Walk among graves to improve health and wellbeing

The chapel at Brompton Cemetery Credit: Friends of Brompton Cemetery
Brimming with mausoleums, tombs and grave stones, historic cemeteries are usually associated with bereavement or gothic horror. However today, Victorian cemeteries are being revived as places for communities to relax and connect with nature.

Brompton Cemetery reopens today following a £6.2million restoration and conservation project, mostly funded by the National Lottery.

Grade I registered, it one of London’s ‘Magnificent Seven’ garden cemetery’s that were built during the 1800s to alleviate London’s over-crowded graveyards. With its Gothic mausoleums, domed chapel and statues of angels keeping guard over tombs, there’s no question it’s an atmospheric place for a quiet stroll.

Visitors can submerge themselves in its architectural splendour and its abundant history. The leader of the suffragette movement, Emmeline Pankhurst and Sir Henry Cole, who was instrumental in the Great Exhibition and founding the V&A museum, are among the 205,000 people buried at Brompton.

But can a cemetery really improve health and wellbeing?

Trustee of The Royal Parks Wesley Kerr, said: “The astonishingly beautiful Brompton Cemetery was always intended for respectful enjoyment by the living as well as burial spaces for the dead. London’s 'Magnificent Seven' cemeteries are prodigious landscapes, full of wildlife amidst amazing architecture, magnificent monuments - a great legacy.”

“The astonishingly beautiful Brompton Cemetery was always intended for respectful enjoyment by the living as well as burial spaces for the dead”Trustee of The Royal Parks Wesley Kerr

Brompton is the first cemetery project jointly funded by HLF and the Big Lottery Fund to reopen following restoration. It has been rejuvenated as both a place for people to enjoy its heritage, but also as vital community greenspace in a densely-populated part of the capital.
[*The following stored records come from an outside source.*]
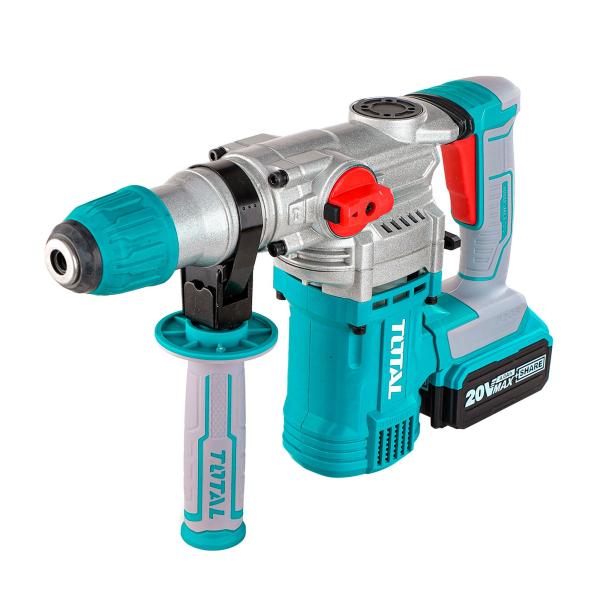 Akumulatorsko vrtalno kladivo Total Industrial TRHLI20288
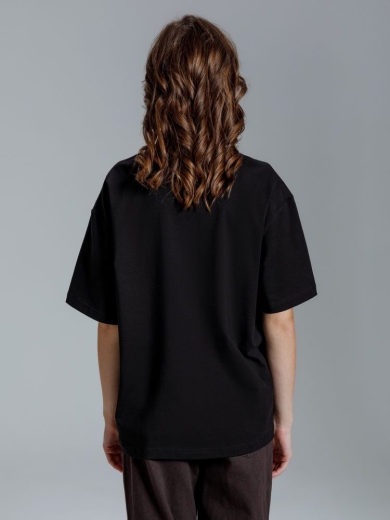 Изображение №10 | Футболка оверсайз Kangas, черная, XS/S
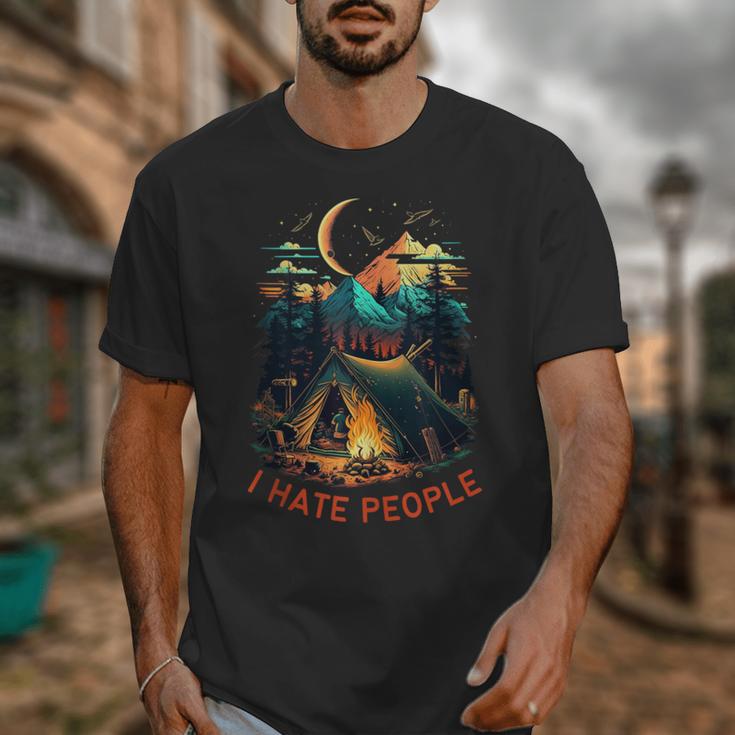 I Hate People Id Rather Be Camping Sarcastic Introvert Unisex T-Shirt I Hate People Id Rather Be Camping Sarcastic Introvert Unisex T-Shirt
It is a Site of Nature Conservation Importance and as well as restoring, conserving and better sharing the history of its many unique listed monuments and architecture, the project has created a wildlife haven. 633 trees from around 60 species, 200 moth species and many types of bats, invertebrates and birds call Brompton Cemetery home.
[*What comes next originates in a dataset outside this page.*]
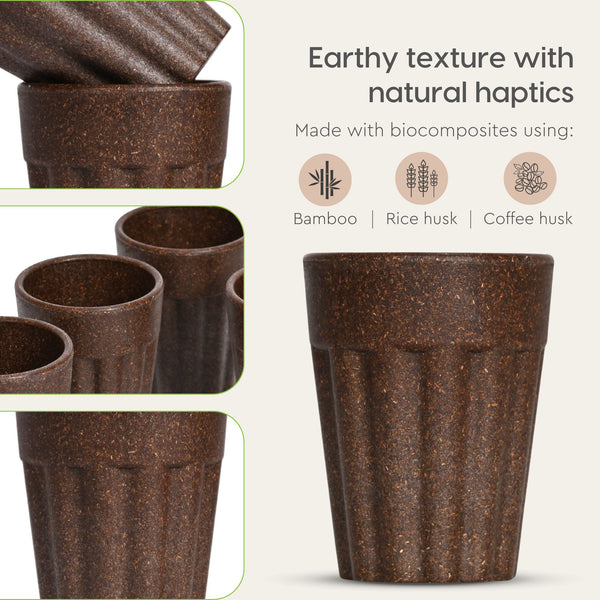 Cutting Chai Cups With Stand 100 ml | Set of 4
It’s been proven time and again that access to greenspace and nature improves wellbeing, and with both in such abundance in our historic cemeteries, perhaps they do have the power to improve the health of the nation.

Today we’ve also announced £6.2m to revive and restore Sheffield General Cemetery Park; Belfast City Cemetery; and London Road Cemetery, Coventry for the benefit of their local communities. That takes joint National Lottery investment in historic cemeteries to £15.1m.